> _RECORDS TO PROCESS_:

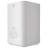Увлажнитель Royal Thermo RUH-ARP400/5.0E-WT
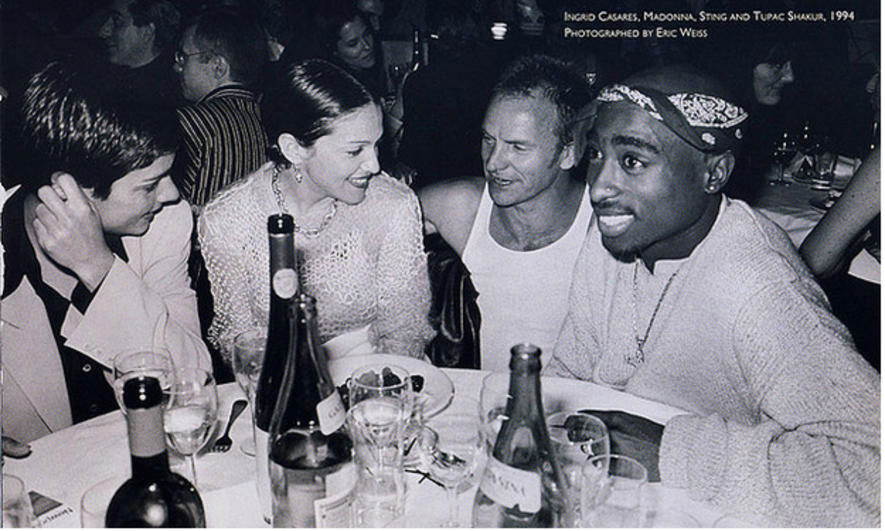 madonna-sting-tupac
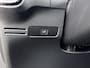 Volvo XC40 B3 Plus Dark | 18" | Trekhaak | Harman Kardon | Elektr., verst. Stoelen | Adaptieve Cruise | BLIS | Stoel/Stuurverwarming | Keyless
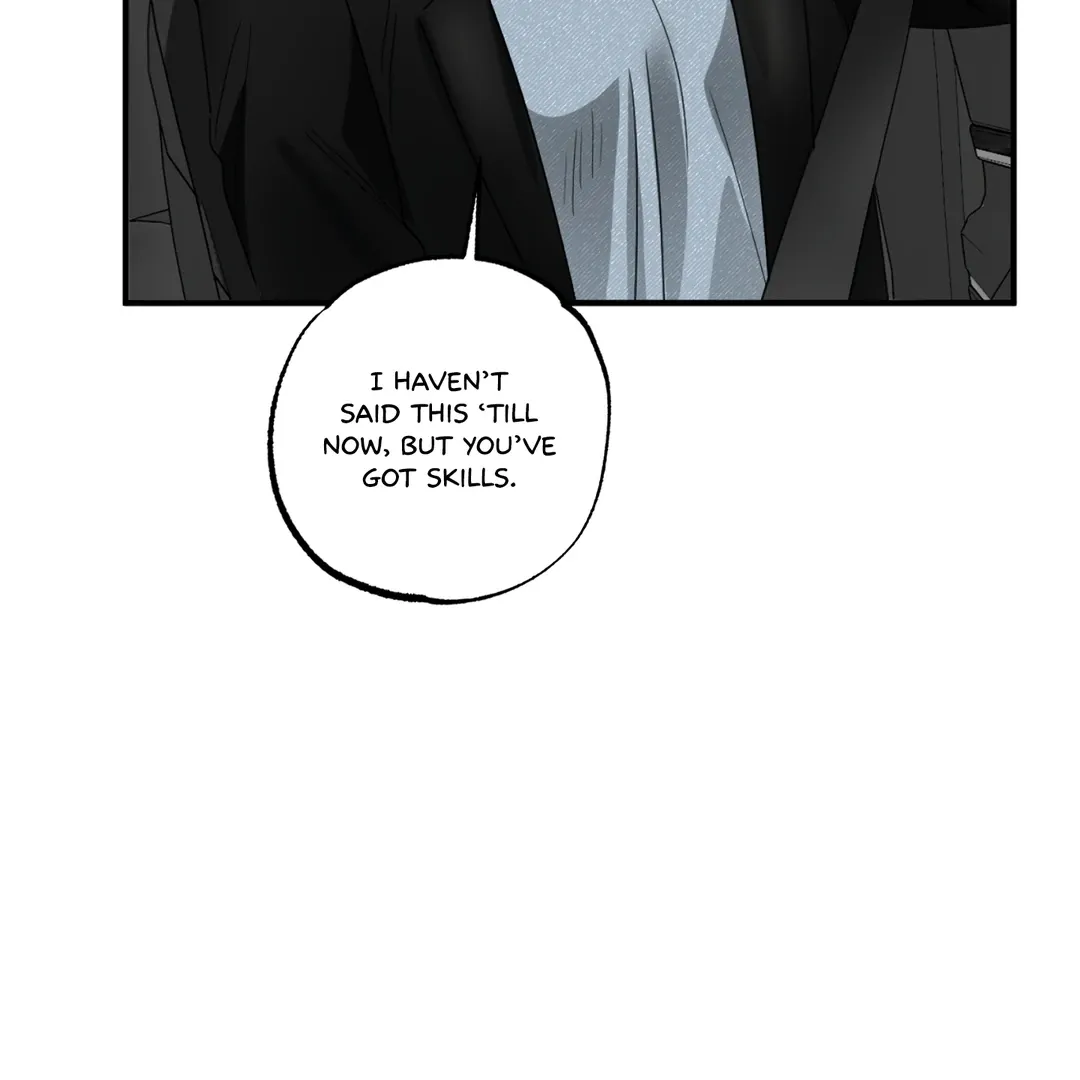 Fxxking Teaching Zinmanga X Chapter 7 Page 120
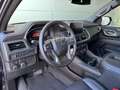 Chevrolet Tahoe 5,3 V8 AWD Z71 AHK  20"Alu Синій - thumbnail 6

> _ASSIGNED TASK_: Beginning at the line that holds "Fxxking Teaching Zinmanga" and ending with the last line of the entries, please set down each line exactly, leaving every picture out.

> _COMPLETED EXERCISE_:
 Fxxking Teaching Zinmanga X Chapter 7 Page 120
 Chevrolet Tahoe 5,3 V8 AWD Z71 AHK  20"Alu Синій - thumbnail 6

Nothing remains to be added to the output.